┌──

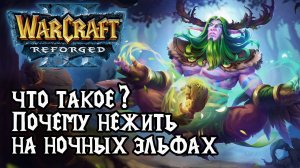 Что такое Почему игрок Нежити на Ночных Эльфах в Warcraft 3 Reforged
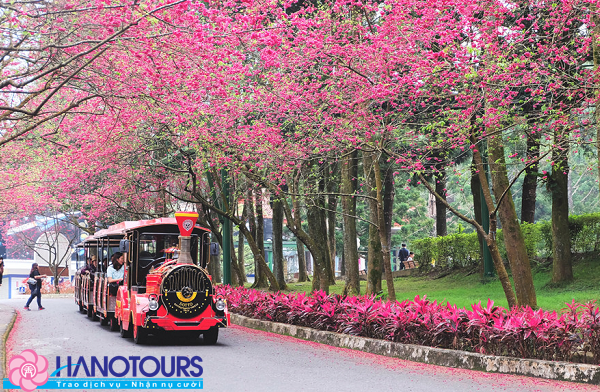 Tham quan làng văn hóa Cửu tộc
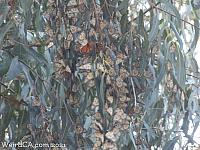 butterfly grove19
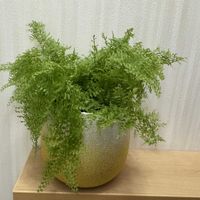 ネフロレピス,ネフロレピスコットンキャンディ,観葉植物,植え替え,シダ植物の画像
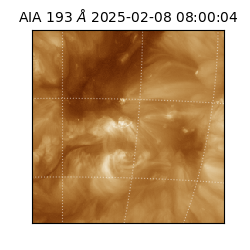 saia - 2025-02-08T08:00:04.843000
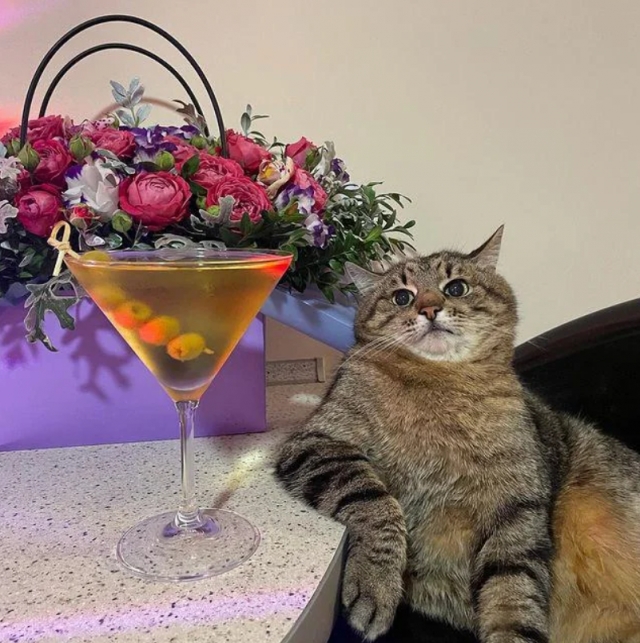 funnycats113_016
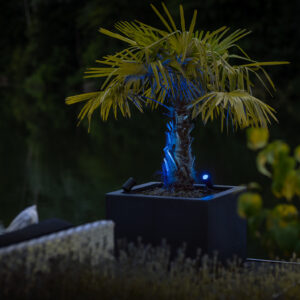 200n 02 miljobild castor smart 200n blauw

└──

## WHAT NEEDS TO BE DONE
Please output the records above exactly, without the pictures.

## COMPLETED EXERCISE
 Что такое Почему игрок Нежити на Ночных Эльфах в Warcraft 3 Reforged
 Tham quan làng văn hóa Cửu tộc
 butterfly grove19
 ネフロレピス,ネフロレピスコットンキャンディ,観葉植物,植え替え,シダ植物の画像
 saia - 2025-02-08T08:00:04.843000
 funnycats113_016
 200n 02 miljobild castor smart 200n blauw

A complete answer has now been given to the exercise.